How can I trust again after being badly let down?

It’s a difficult and painful process. The key isn’t to blindly trust everyone again, but to become a better judge of character. Start with small, low-risk trusts. Lend a book before you lend money. See if the person returns it and in what condition. Trust is a learning process. Protect your heart, but don’t wall it off completely, as that cuts you off from all the good that trust brings, too.

Isn't a healthy amount of scepticism actually a good thing?

Absolutely. There’s a world of difference between scepticism and cynicism. Scepticism is wise; it means you do your due diligence. You check references, you read the fine print, you ask questions. Cynicism is the belief that no one can be trusted, which is a self-fulfilling prophecy that leads to isolation. Smart trust is a balance: hope for the best, but have a plan based on evidence, not just assumption.

Can technology truly create trust, or does it just automate distrust with contracts and security?

Technology on its own doesn’t create trust; it’s a tool. A blockchain ledger or a secure escrow service doesn’t make people more honourable.
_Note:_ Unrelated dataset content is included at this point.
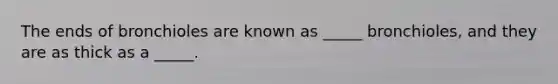 The ends of bronchioles are known as _____ bronchioles, and they are as thick as a _____.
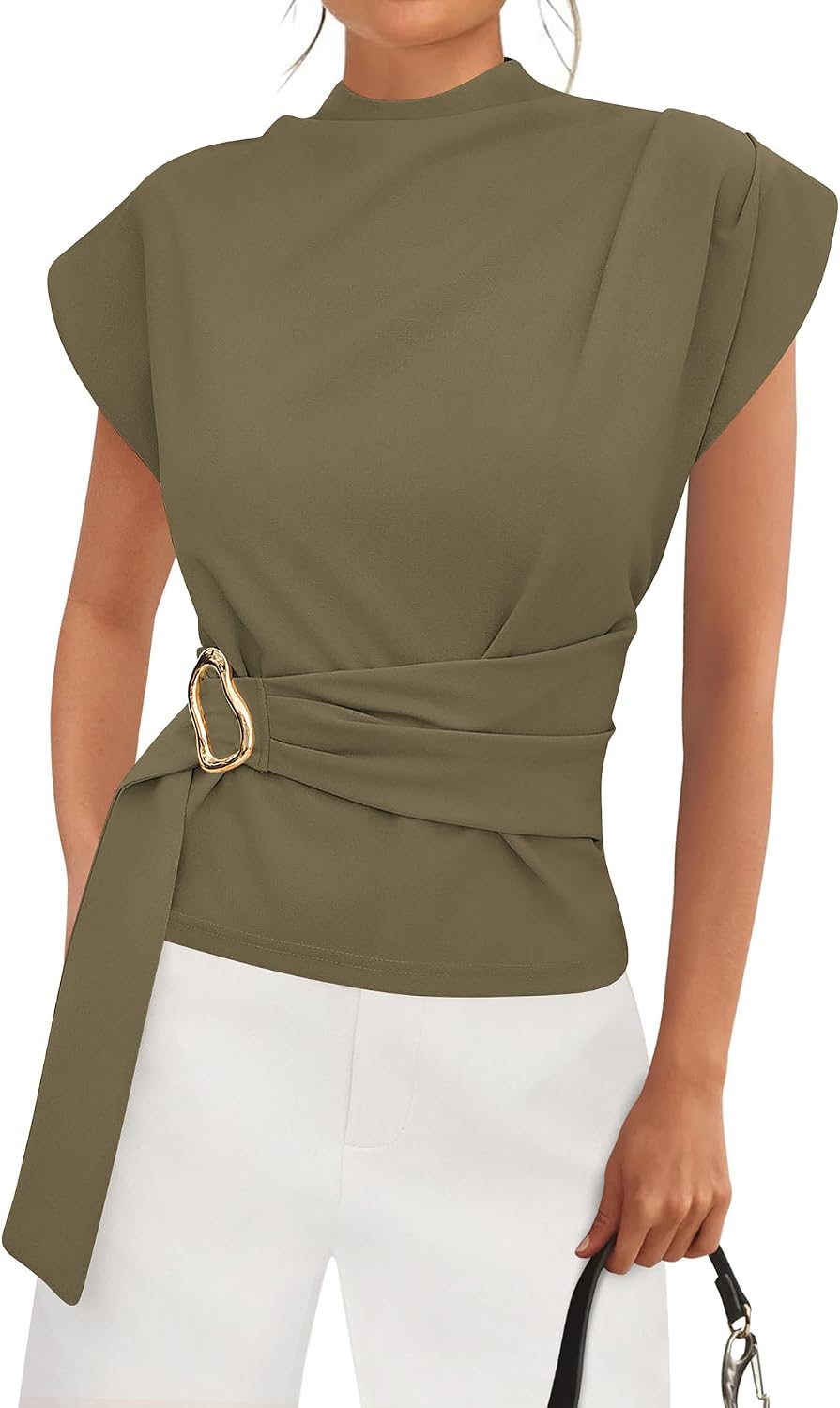 Women's Mock Neck Blouse - Cap Sleeves, Buckle Belt Detail and Back Zip for Business Casual Office Days - Large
What it does is create a transparent, unchangeable record of actions. It makes promises visible and holds people accountable. In this way, it enables trust between people who have no prior relationship. It lowers the risk of the trust leap, allowing us to confidently transact with people we’ve never met. The intention to be trustworthy still must come from humans, but technology can provide the safety net that makes that leap possible.


That moment in the market, that simple nod of agreement, is a miniature masterpiece of social collaboration. It’s a tiny thread in the vast, invisible web that holds us all together. From that thread, we weave our economies, our communities, and our shared future.

It’s not a philosophical idea; it’s a practical reality. It’s the reason we can collaborate, innovate, and move forward together. It’s the currency of human connection that doesn’t appear on any balance sheet but without which every other currency is worthless. Let’s not take it for granted.

Let’s nurture it, honour it, and rebuild it wherever we can, one kept promise, one honest interaction, at a time.